> THE PROBLEM
Return only the lines of the listing below that run from the line with "SPIROMETRO PORTATILE SP-80B" through the line with "育碧创建账号怎么不能点继续,育碧平台为什么无法创建账号", both ends included, exactly as written.

> SUPPLIED INFORMATION
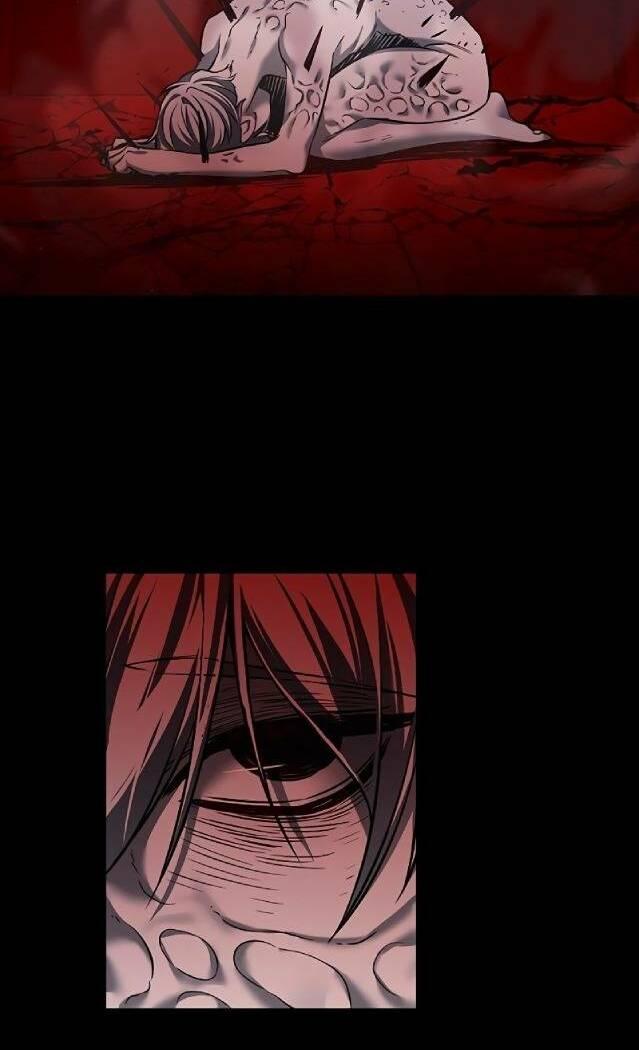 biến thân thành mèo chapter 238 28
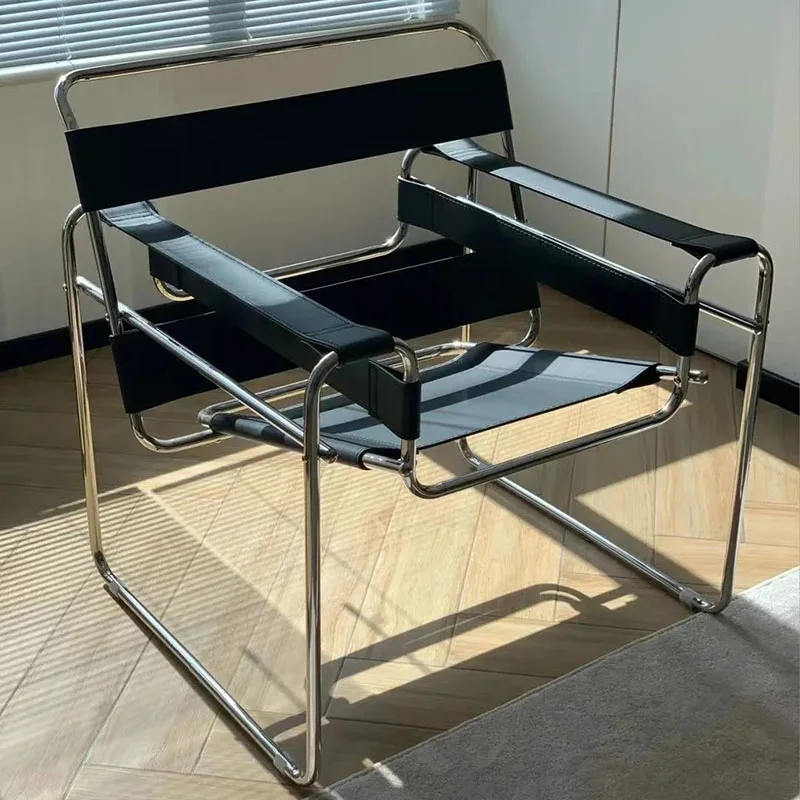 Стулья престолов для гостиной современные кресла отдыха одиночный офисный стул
--
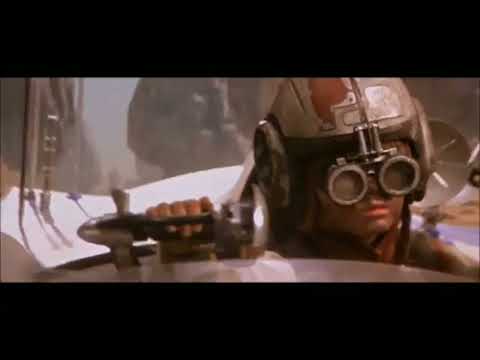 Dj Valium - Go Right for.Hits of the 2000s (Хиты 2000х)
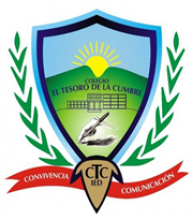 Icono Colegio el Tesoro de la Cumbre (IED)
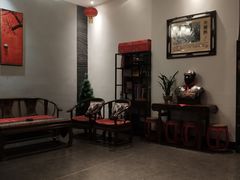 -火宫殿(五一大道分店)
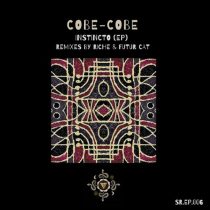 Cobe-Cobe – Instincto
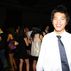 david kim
---
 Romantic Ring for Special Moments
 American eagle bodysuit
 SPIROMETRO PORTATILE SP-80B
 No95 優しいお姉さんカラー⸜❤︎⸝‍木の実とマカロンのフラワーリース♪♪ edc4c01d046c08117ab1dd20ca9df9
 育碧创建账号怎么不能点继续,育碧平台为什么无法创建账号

> RESULT
 SPIROMETRO PORTATILE SP-80B
 No95 優しいお姉さんカラー⸜❤︎⸝‍木の実とマカロンのフラワーリース♪♪ edc4c01d046c08117ab1dd20ca9df9
 育碧创建账号怎么不能点继续,育碧平台为什么无法创建账号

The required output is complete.